Lors du SIA à Paris, une série de colloques sur l’agriculture en Afrique, l’un des derniers continents où se trouvent encore des terres cultivables vierges, a illustré les besoins du continent pour augmenter sa production alimentaire. Avec une population actuelle d’environ 1,2 milliard d’habitants, l’Afrique devrait en compter quelque 2,5 milliards d’ici 2050 alors que le continent est déjà importateur net de nourriture. «Il y a urgence à agir au Sahel» en raison du « réchauffement climatique», a notamment souligné le président de l’Institut de recherche Cirad, spécialisé dans les agricultures du sud. Dans l’immense salon du machinisme agricole Sima de Villepinte (Seine Saint-Denis), un «African summit » a réuni constructeurs, chercheurs et investisseurs pour plancher sur la façon de vendre des tracteurs et des équipements en Afrique. Et au salon de l’agriculture Sia à Paris, le président français Emmanuel Macron a encouragé le secteur à penser Afrique. «Nos partenaires africains ne veulent plus d’une vision cantonnée à la petite exploitation vivrière » a-t-il dit, « ils veulent une agriculture forte, et des filières fortes ». «La France et l’UE doivent être au rendez-vous de ces attentes».
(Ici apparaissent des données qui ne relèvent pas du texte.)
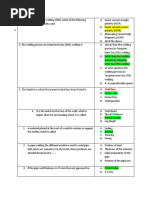 Welder Trade Test Questions and Answers | PDF | Welding | Construction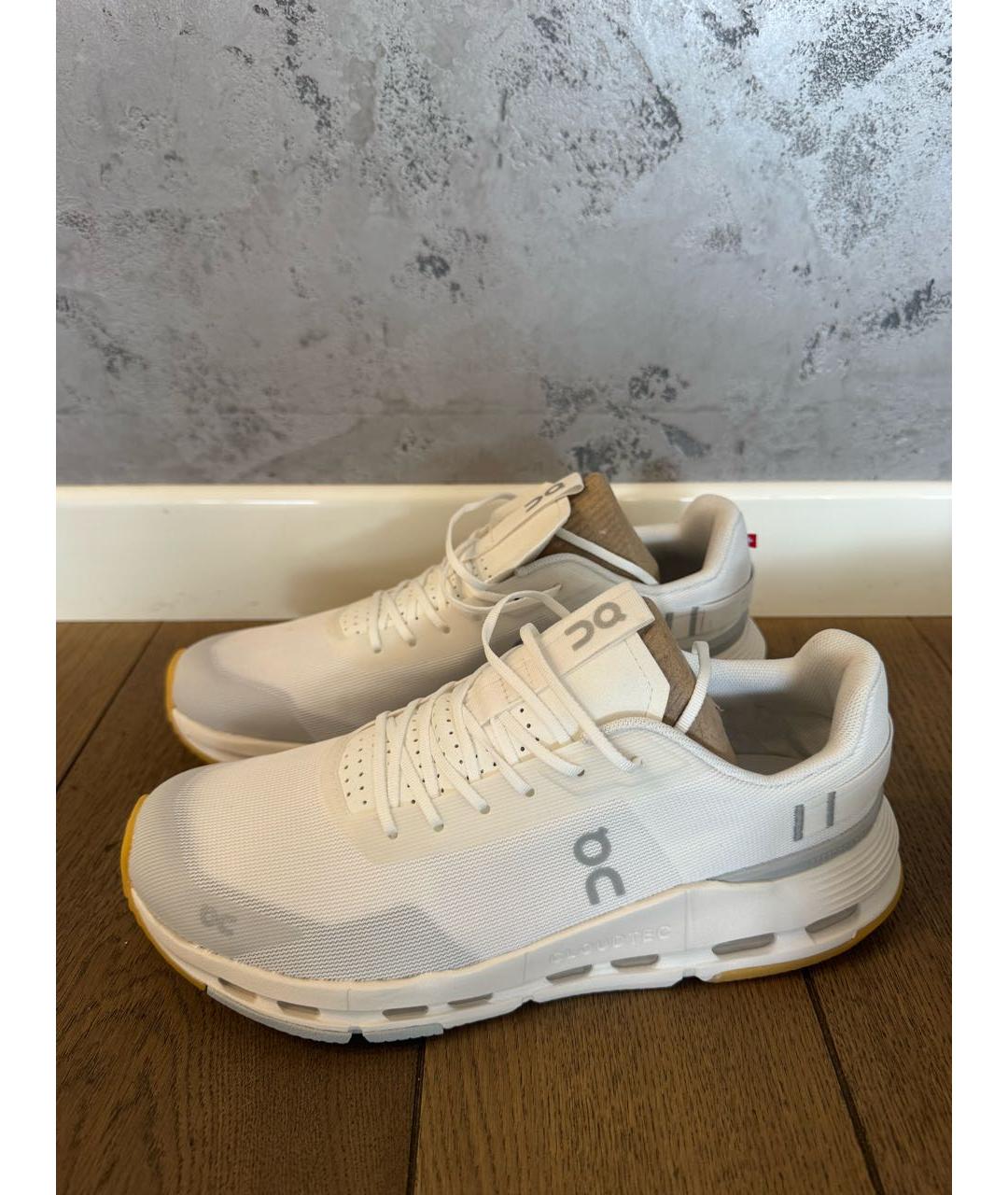 ON Белые кроссовки, фото 5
L’AFD «va consacrer 1 milliard d’euros par an » au secteur, « pour la première fois depuis longtemps », a indiqué à l’AFP son directeur général, Rémy Rioux. L’agence gouvernementale a signé un accord-cadre avec le premier syndicat agricole français FNSEA. « Nous allons sur le terrain pour aider les paysans à s’organiser afin de créer des filières de production africaines », a confirmé à l’AFP Henri Bies-Pere, l’un des responsables du syndicat et président de l’Afdi (Agriculteurs français et développement international). «Votre vision de soutenir seulement les petits exploitants me paraît un peu limitative », a toutefois répondu le ministre de l’agriculture du Mali, Nango Dembélé, aux défenseurs purs et durs de l’agroécologie. En évoquant les « terres irrigables » de son pays, et ses « grandes réserves de productivité», Nango Dembélé a estimé qu’au-delà de «nourrir la population malienne», l’agriculture devait aussi « créer des emplois pour la jeunesse ». Un pari incertain puisque dans de nombreux pays africains, des multinationales aussi bien chinoises, américaines, européennes ou originaires du Golfe ont accaparé des terres parfois au mépris des populations locales, pour produire de façon intensive des aliments, en général réservés à l’exportation.